Далеко за полночь они всей компанией пускаются в обратный путь. Осенний туман сочится между чернеющими стволами сосен, затемняет редкие фонари, заглушает прощальные, самые громкие выкрики одноклассников. Феликсу К. эта туманная завеса представляется дыханием вечности, которое снова овевает холодом его и всех остальных. Он опирается на Ворака и Иоганна. Тем не менее боль в колене пронизывает его насквозь всякий раз, когда он наступает на ногу, особенно если дорога круто идет вниз. Иоганн утешает:
— Если у тебя когда-нибудь машина будет в неисправности, все равно, двигатель или кузов, сразу приезжай ко мне. Запчасти оплатишь, работу я тебе сделаю Задаром. А коли придется задержаться, можешь жить у меня. В отдельной комнате. С холодной и горячей водой.

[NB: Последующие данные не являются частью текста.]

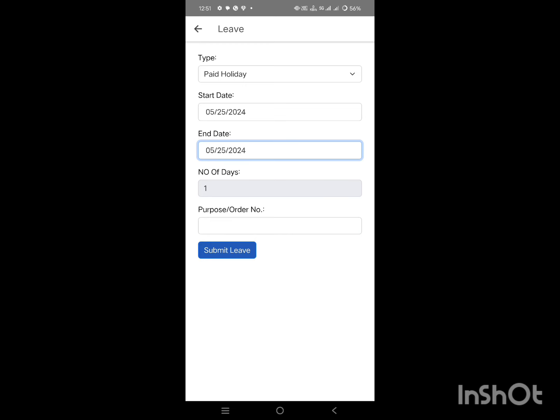You have applied for paid holiday. If you found this video helpful, please give it a thumbs up and subscribe to this channel. Thank you very much.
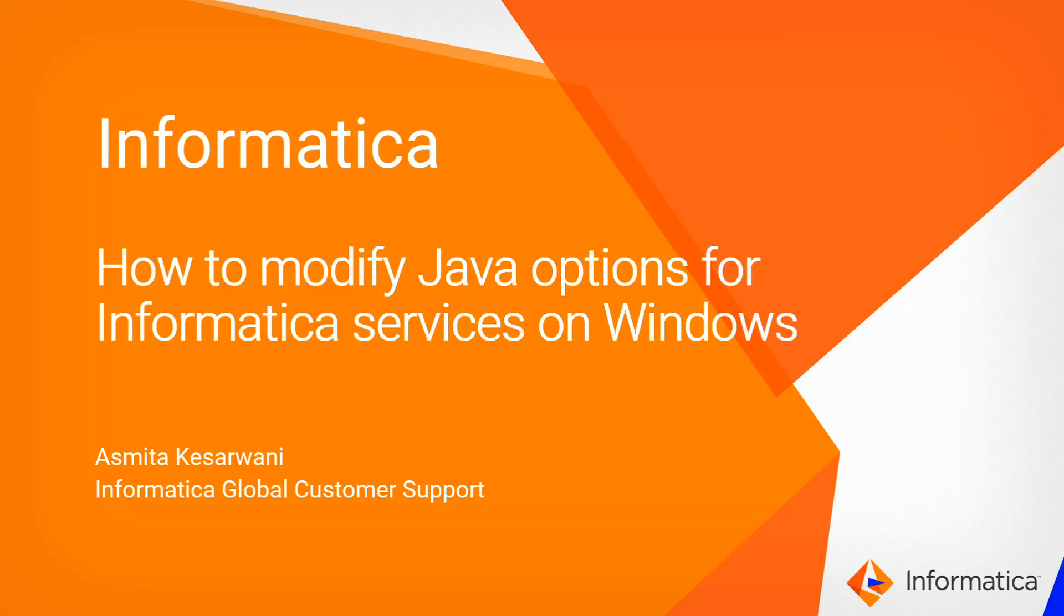Hello and welcome to Informatica support videos. This is Asmita from Informatica GCS and in this video we will talk about how to modify Java options for Informatica services on Windows.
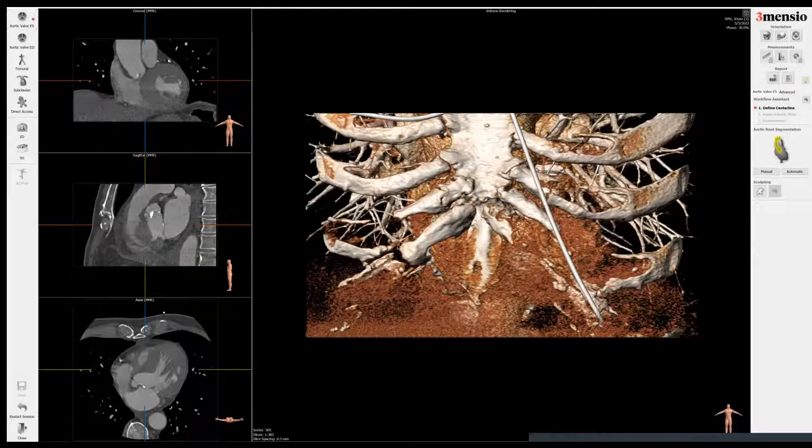Hello. Today we're going to do a TAVR workup of a patient with a bicuspid aortic valve evaluated for TAVR.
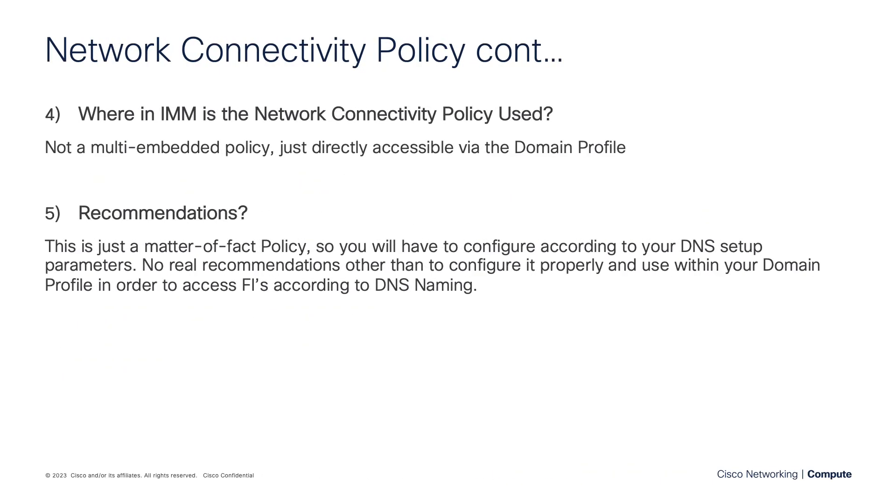Now, as we mentioned prior, this policy will attach directly to your domain profile. So it's not one of these multi-embedded policies where it's a policy within a policy.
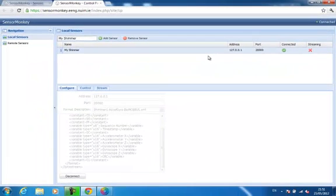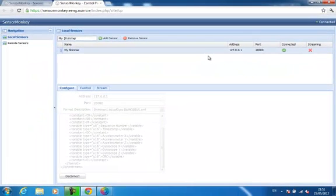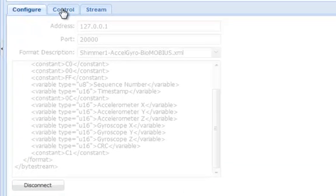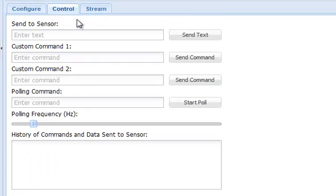By default, Shimmers do not begin sampling data until they are explicitly instructed to do so. I can use the Control tab to send commands to the Shimmer. The particular commands used by the Shimmer are documented in the source code for the Biomobius AccelGyro firmware. They are also listed at the top of the format description file should you forget what they are.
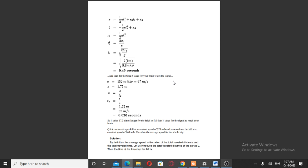Distance is equal to one-half acceleration times t squared plus initial velocity times time plus initial displacement. So, 0 equals minus one-half g times t1 squared plus x-naught. Therefore x-naught equals one-half g times t1 squared, and t1 squared equals 2 times x-naught over g.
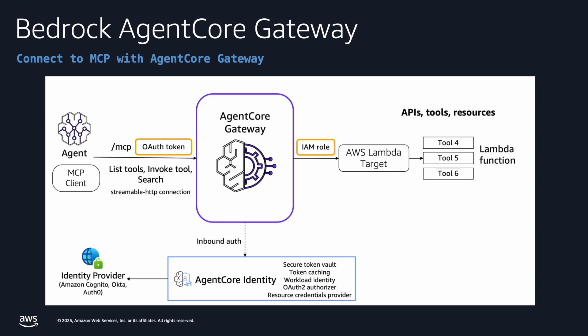It supports both OpenAPI and Smithy API specification formats. In addition to OpenAPI and Smithy, it also supports Lambda functions to be able to expose those to your agent gateway. Essentially, it provides a management layer between the agents and the tools that allows you to have observability and security in terms of both ingress as well as egress on both sides of the gateway.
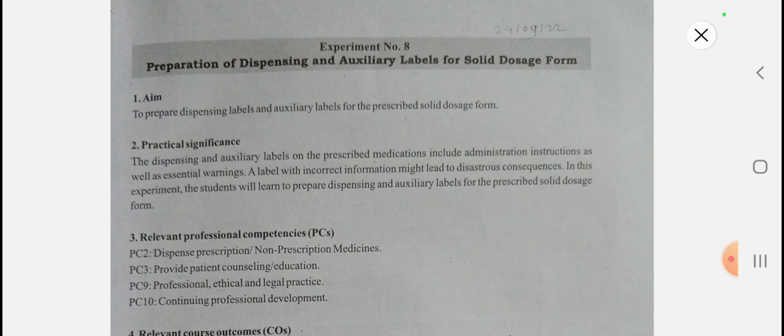In the minor experiments, these are the compulsory experiments on the dispensing of auxiliary labels and dispensing labels. This is a compulsory minor experiment — labeling is 100% compulsory. So watch the video until the end.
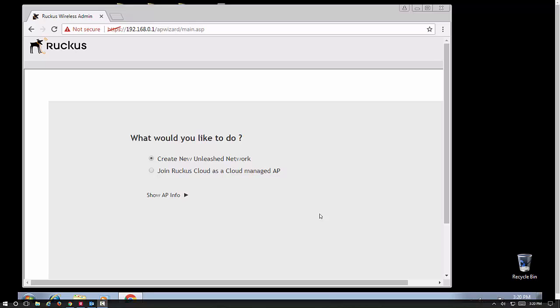Hello, today we're going to do a Ruckus Unleashed access point controller setup. When you take your access point out of the box, you're going to see on the bottom it will have an IP address, username, and password that it comes with by default.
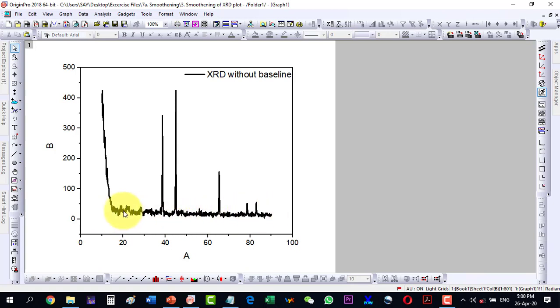And then we can see that it is almost correct with respect to the baseline except at this portion.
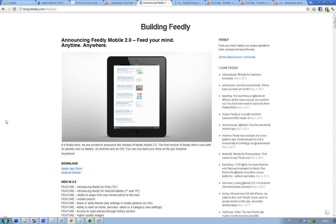So there's some cool new features in this release. First of all as I said they introduced Feedly for iPad 10 inch tablets. Yeah obviously iPad 2 is 10 inch. Also they're introducing Feedly for Android tablets both 7 and 10 inch.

Оба западных гостя хотят, подменив Иоганна и Ворака, тащить Феликса дальше. Но Ворак отвечает:
— Оставьте, ребята. Это наш человек.
На базарной площади все прощаются. Из-за темноты и густого тумана все быстро теряют друг друга из глаз. Феликс К. остается один. Ему надо сделать всего несколько шагов до гостиницы — до ночлега. И он категорически настоял на тем, чтобы совершить эти несколько шагов без посторонней помощи. Он хочет пропустить на сон грядущий еще глоток размышлений. Он садится на одну из скамей, что расставлены под липами на базарной площади, под липами, которые уже в детстве казались ему старыми и мудрыми и с которыми можно было разговаривать. С башни на ратуше доносится дребезжащий, как всегда, бой часов, три удара.
И тут одна из лип вдруг говорит человечьим голосом:
— Нехорошо человеку быть одному, особенно когда у этого человека болит колено. — То воротилась Лемхен. Он ждал, что она вернется, ждал упорно. Ждал, что отыщет верный тон, которым можно с ней разговаривать.
— Теперь, когда я почти не могу согнуть колено, — говорит он, — только теперь мне стали понятны слова моего доброго старого Радмахера: «Ну, сегодня ты опять был прилежен, как свернутое колено».
— Тебе бы лучше всего фиксирующую повязку, — говорит она.
Она без раздумий опускается перед ним на колени, закатывает его штанину, ощупывает и массирует мягкой рукой поврежденное место, а его стон воспринимает с радостью, как отклик на ее безумную любовь.
— Нет, в жены ты мне не годилась бы, — говорит он. — Уж слишком ты меня превосходишь. Мы бы ссорились с тобой день и ночь.
— Какой мне прок в твоем «бы»? Ты просто не умеешь ценить хорошее. Слишком хорошо тебе пришлось в жизни. — Она вытаскивает из-под пальто платок, делает из платка повязку. Он закрывает глаза и стонет, потому что от боли у него темнеет в глазах. Лемхен туго, до безжалостности, обматывает платком его боль. Под опущенными веками он отчетливо различает один цвет. Все эти платки малиновые.
— Мне кажется, — говорит он, — что во всем виновата ты. Ну кто тебе сказал, что мужчине нужно оставлять бо́льшую часть ситника?
— Кто? Сами мужчины и старые бабы — великий древний заговор против нас, женщин. Да не скули же ты! Эх, вот из тебя я бы сделала человека. Я хотела, чтобы ты даже черта не боялся. Хотела, чтобы тогда, у костра, ты пошел за мной. Ты, и больше никто. Хотела сказать тебе: смотри-ка, Ликс! Здесь под кустом лежат тринадцать пакетов порошкового магния, завернутых, завязанных и запечатанных. А на печатях стоит мой знак — светлячок с моего перстенька. Подожги их, Ликс, тогда все смоются, и мы останемся с тобой вдвоем. Но ты побоялся. Ты, поди, и сегодня боишься.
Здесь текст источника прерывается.